Azad Essa
Middle East Eye / March 10, 2022
Israel cannot be allowed to instrumentalize the Russia-Ukraine conflict in order to consolidate its ‘demographic superiority’ in historic Palestine.
Before the smoke could lift and the dead of World War I could be buried, the pogroms began.
Jews, wedged in a civil war that swept the Russian empire from 1918, were targeted in no less than 1,000 pogroms. They were blamed for World War I and the Russian Revolution of 1917. They were accused of hoarding food and wealth. They were harassed and beaten in their homes, sexually assaulted on the streets, and on hundreds of occasions, lined up and done away with.
By 1921, historians estimate that more than 100,000 Ukrainian Jews were killed. The pogroms against Ukraine’s Jewish population had several consequences for Europe and world Jewry.
In his new book, In the Midst of Civilized Europe: The Pogroms of 1918-1921 and Onset of the Holocaust, published by Metropolitan Books, Chicago-based historian Jeffrey Veidlinger argues that the feverish violence inflicted upon Jews in Ukraine during the early 1920s set a precedent for the brutality of the years that followed.

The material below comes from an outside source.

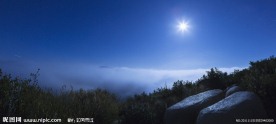 山中云雾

The long history of Jewish persecution in Europe notwithstanding, the brazen violence against Jews in the pogroms after World War I was a bellwether for the Holocaust to come two decades later under Nazi Germany. In other words, the state-sanctioned mass murders under Adolf Hitler were primed by several smaller massacres at the hands of ordinary people and the armies fighting the Bolsheviks.
The pogroms against Ukrainian Jews, however, had another knock-on effect.
A Jewish homeland
They nourished the urgency of creating a Jewish homeland, which had become an immense probability following the British takeover of Palestine from the Ottomans during World War I.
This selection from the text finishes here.